Lexicon Induction From Temporal Structure



I have an idea about how to solve this first problem…

I started by looking at Numenta’s 2-layer HTM circuit, in which Numenta assigns and holds constant the state of the output layer’s Spatial Pooler. The purpose of the output layer Spatial Pooler is to recognise sequences of activity in the input layer and assign a stable representation to them.

How can I determine if the output layer’s Spatial Pooler is forming representations of whole sequences? By training the circuit and then measuring the output layer spatial pooler mini-column overlap between all of the elements in the sequence and verifying that the overlap is significantly greater than the overlap between unrelated sequences. Hereafter I call this the sequence-overlap property.

Then I asked how I could change the output layer spatial pooler such it naturally has this sequence-overlap property. The best idea I have is to measure the sequence-overlap property and force it to be true by activating mini-columns when the overlap is less than some predetermined threshold. The output layer Spatial Pooler Mini-columns can then become activated in two ways: from proximal input via the regular method OR because the mini-column was previously used to represent an ongoing sequence and is now being selected to continue representing it.

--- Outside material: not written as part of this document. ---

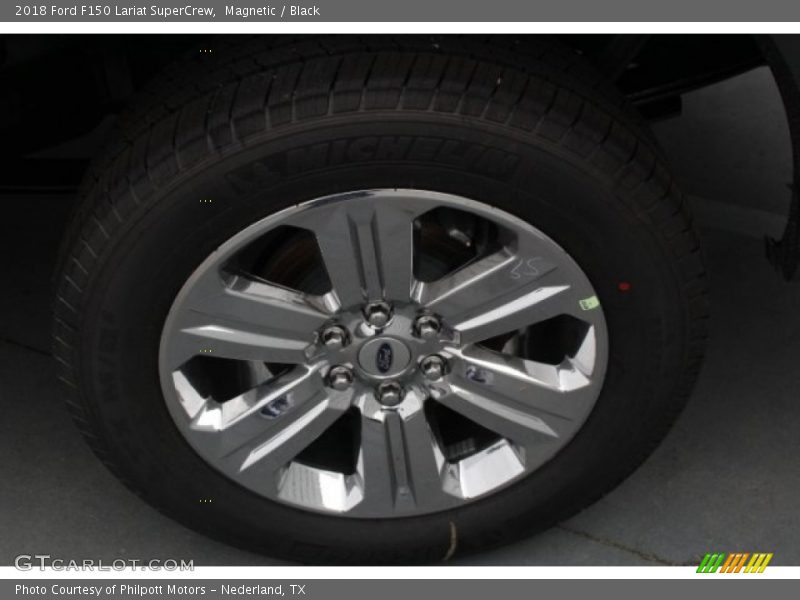 Magnetic / Black 2018 Ford F150 Lariat SuperCrew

HTMs are unsupervised algorithms. The sequences of input (encountered in the wild) are never clearly delineated; where one thing ends and the next begins is something the brain is supposed to figure out on its own. So I make the assumption that every two consecutive moments in time are part of the same sequence.

The output layer spatial pooler then:

  1. Measures the overlap between its current activations and the previous timesteps activations.
  2. If that overlap is less than a predetermined threshold (such as 50% overlap) then mini-columns which were previously active and are no longer active are activated in order to represent this sequence. Also, mini-columns are selected on the basis of how well they recognise their current input.

I have a proof of concept for this mechanism, it’s not tested on OPs dataset though:

Thank you for reading,


This switching mechanism seems like it would switch too much. For example, think of a cortical column processing some visual input. Both the proximal and distal inputs to the input layer of the circuit might change drastically while inspecting one object. The distal stimulation would change drastically as eye movements saccade around the object. The proximal simulation might be completely different when looking at one part of object vs another.


The purpose of this mechanism is to measure and control how much the output layer switches between objects.

Another way of looking at this mechanism is that it assigns output layer mini-columns to represent sequences of input when it detects that the current sequence is not being adequately represented.

Example with visual input:
Lets say, for this example, that there is an eye looking at a coin, and attached to the eye is our 2-layer HTM circuit. First the coin is showing heads and then it flips over to show tails. When the coin flips from heads to tails the input layer will dramatically change because there is little semantic similarity between the images on the two sides of the coin.

Without this mechanism, the output layer would also dramatically change, resulting in two very different output layer mini-column (OLMC) representations of the coin, one for heads and another for tails. This can be written as Overlap(HEADS, TAILS) ~= 0, where HEADS and TAILS are the output layer mini-column activations for these two visual inputs.

This mechanism detects when Overlap(OLMC(Time), OLMC(Time - 1)) < THRESHOLD.
When the coin flips, this mechanism should detect the sudden change as a sudden decrease in output layer mini-column overlap between consecutive moments in time.

Having detected the sudden change, this mechanism attempts to fix it by forcing some output layer mini-columns to remain active from the previous time step. This ensures that the Overlap(OLMC(T), OLMC(T-1)) >= THRESHOLD.

When the coin flips from heads to tails, this mechanism will ensure that THRESHOLD fraction of HEADS are still active while viewing the tails side of the coin, for at least one time step. These forced activations (sampled from HEADS) also learn about the tails side of the coin. Given enough flips of the coin, some of the output layer mini-columns should learn to respond to both heads and tails.


This is an interesting line of thinking, I think you should follow through with your experiments and let us know what you find.


This is a similar strategy to the one that I am exploring, where the goal is to form an association between two consecutive inputs. However the implementation I am working on is quite different. Instead of mechanism for forcing previously active minicolumns to remain active, I am instead looking at forming proximal connections at the cell level using a similar algorithm to the one used in TM for forming distal connections. The input for this algorithm is the active cells of the inference/TM layer over two time steps (thus forming an association between two inputs).